> [GOAL OF THE EXERCISE]
Going through the material below, output exactly the lines from the one containing "Somon la cuptor cu quinoa si mazare" through the one containing "Thông tin mới", and no pictures.

> [DATA RECORDS]
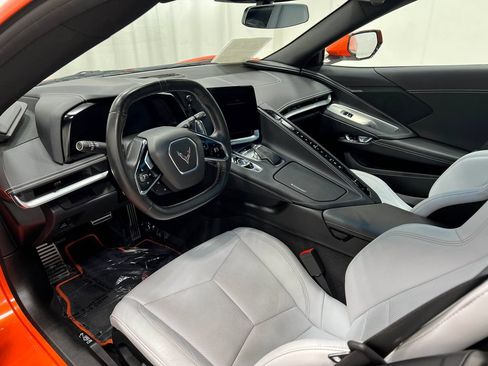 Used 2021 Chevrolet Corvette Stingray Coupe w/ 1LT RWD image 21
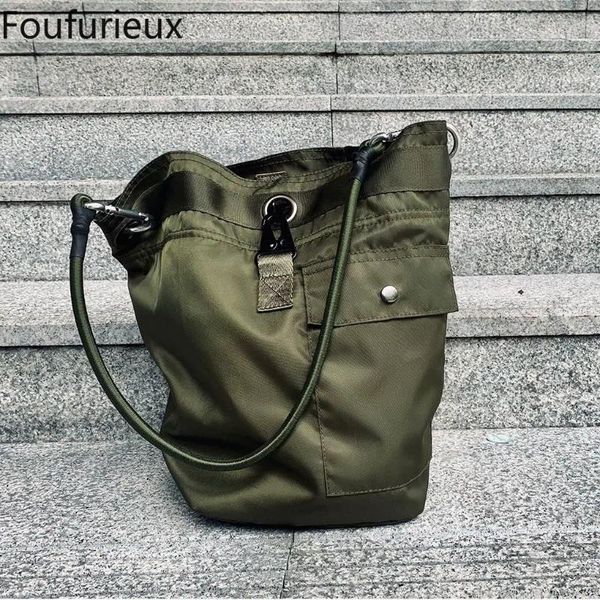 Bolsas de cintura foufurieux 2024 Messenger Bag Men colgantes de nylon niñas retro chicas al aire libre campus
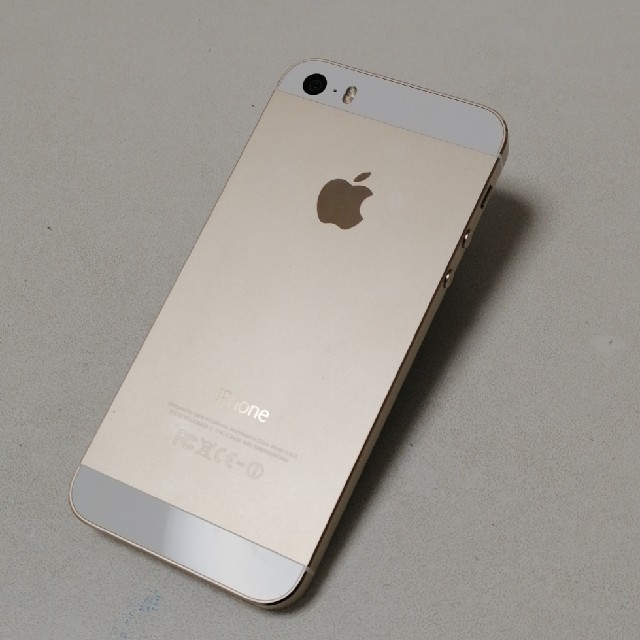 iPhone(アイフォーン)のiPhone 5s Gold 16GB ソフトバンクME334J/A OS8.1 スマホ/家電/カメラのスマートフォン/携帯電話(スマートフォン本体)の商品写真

---

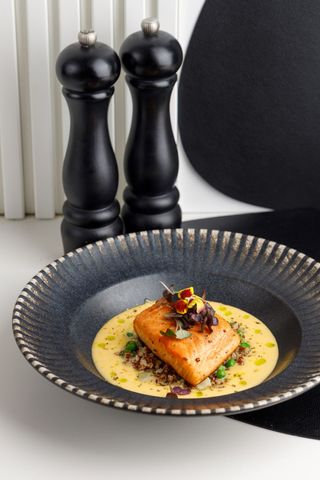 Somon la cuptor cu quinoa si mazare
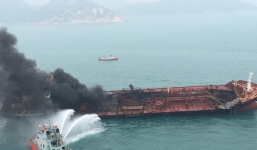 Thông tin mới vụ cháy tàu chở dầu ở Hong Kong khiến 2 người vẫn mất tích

> [SOLUTION FOR THIS TASK]
 Somon la cuptor cu quinoa si mazare
 Thông tin mới vụ cháy tàu chở dầu ở Hong Kong khiến 2 người vẫn mất tích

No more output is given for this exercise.